Second Life: Elevating Terrorism Training
A Daily Brief item today pointed out some disturbing developments in the virtual world of Second Life. While at first glance one might be dismissive of developments in the “fake” world, a closer look indicates that Second Life has the potential to enhance the terrorist threat.
The FBI and others recently began pointing out their shift in thinking that terrorist threats to the homeland will come from al-Qaeda sleeper cells such as the 9/11 hijackers and instead will come from self-radicalized individuals and groups. The so-called “Ft. Dix Six” are such a group, having allegedly used (at least in part) various terrorist resources online for motivation and training. Anti-terror raids in the UK and elsewhere note that those arrested are often in possession of computers that contain radical Islamic literature as well as information on how to perform pre-operational planning, use small arms, and conduct small unit tactics.
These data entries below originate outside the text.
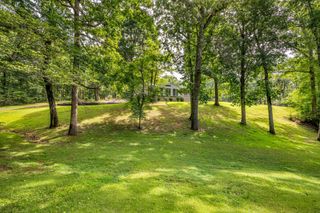 4251 Moss Hill Dr, Nunnelly, TN 37137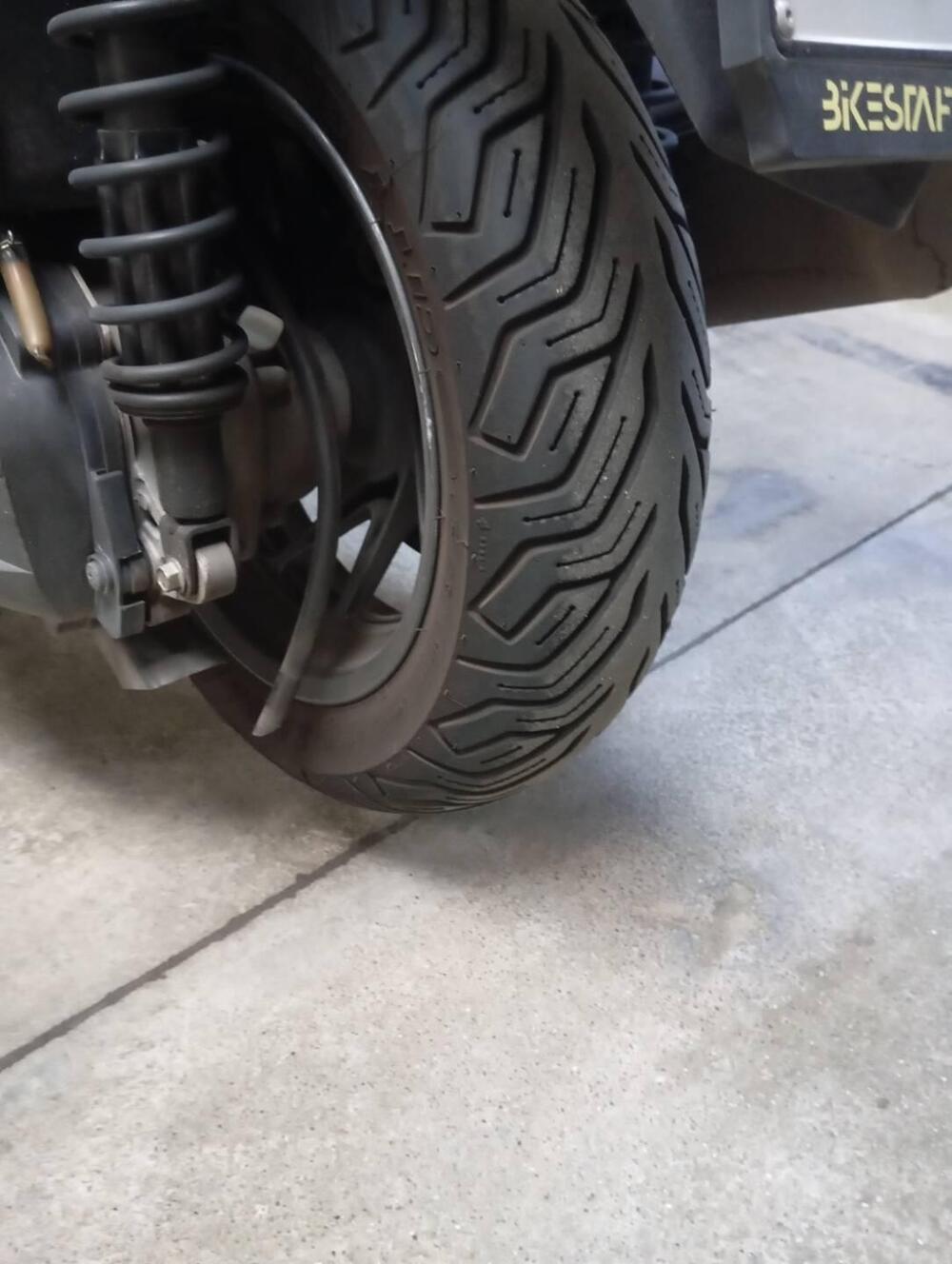 Yamaha X-Max 400 Iron Max (2019 - 20) (7)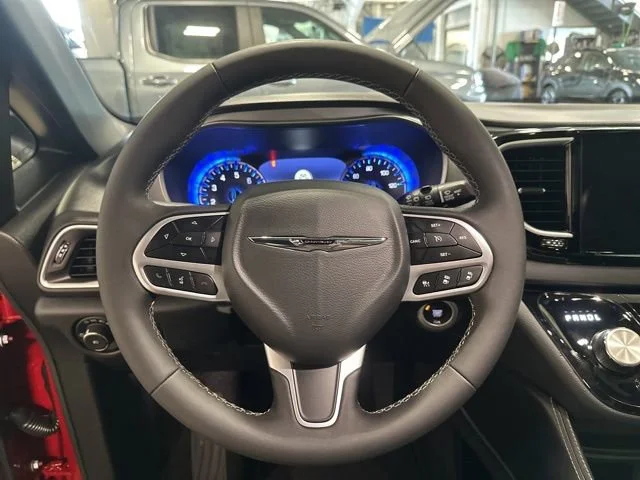 Used 2026 Chrysler Pacifica - photo 19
There are those who dismiss self-radicalized, self-trained groups as amateurs who are unlikely to ever conduct a successful terrorist operation, though events of so-called “sudden Jihad syndrome” over the past five years suggest that even self-taught sad-sacks can kill or maim. Still, there is a big difference between someone who has actually trained to fight an armed conflict or conduct intelligence operations and someone who has merely read about how it is done.
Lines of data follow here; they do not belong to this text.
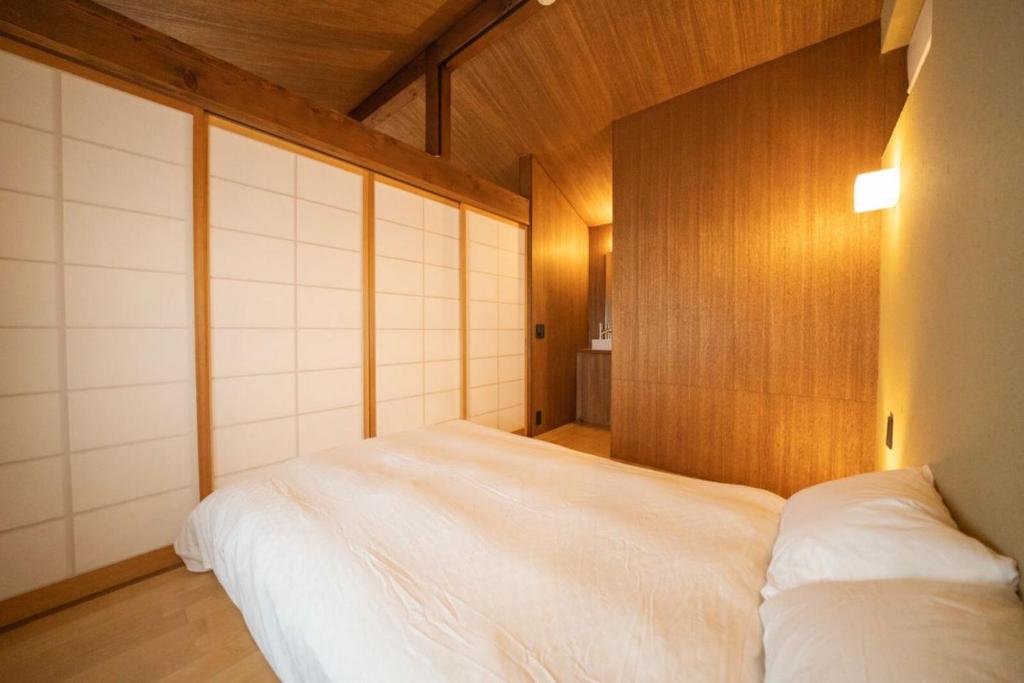 Postel nebo postele na pokoji v ubytování 京都松澗Matsutani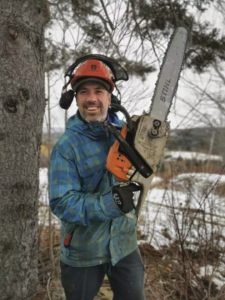 Shanty Paré, Opérateur-bûcheron, tient une scie à chaîne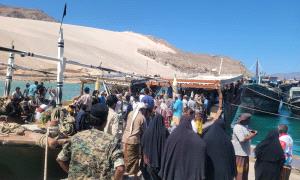 بين الموت غرقاً... والموت حصراً: سقطرى تختار المغامرة
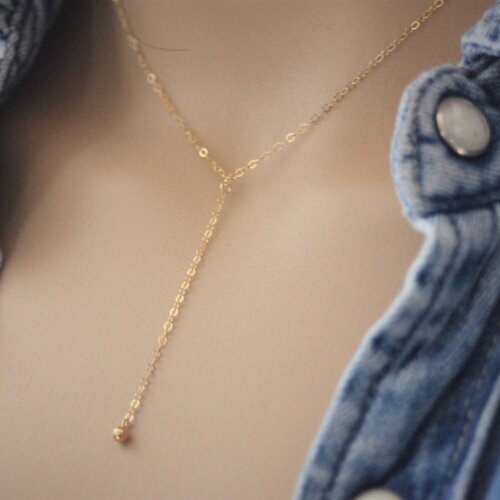 Collier en y minimaliste en or gold filled style cravate pendentif boule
Second Life bridges that gap.
In Second Life you can practice intelligence tradecraft; you can test your elicitation skills, pass off (hopefully unnoticed) notes and packages, and meet in private with co-conspirators. You can sit down in a classroom and learn how to field-strip a rifle or pistol, conduct fire-and-maneuver drills, or run through an urban combat scenario. You can send and receive money to help fund your operation and you can conduct “legitimate” business that ends up funding terrorism. Static online training materials or even interactive-but-text-based Jihadist discussion forums cannot match the rich and substantial – if one may be excused for adopting a marketer’s language – content.
Second Life has the potential to elevate the professionalism of terrorism training. It is not real-life, but it isn’t reading comic books either.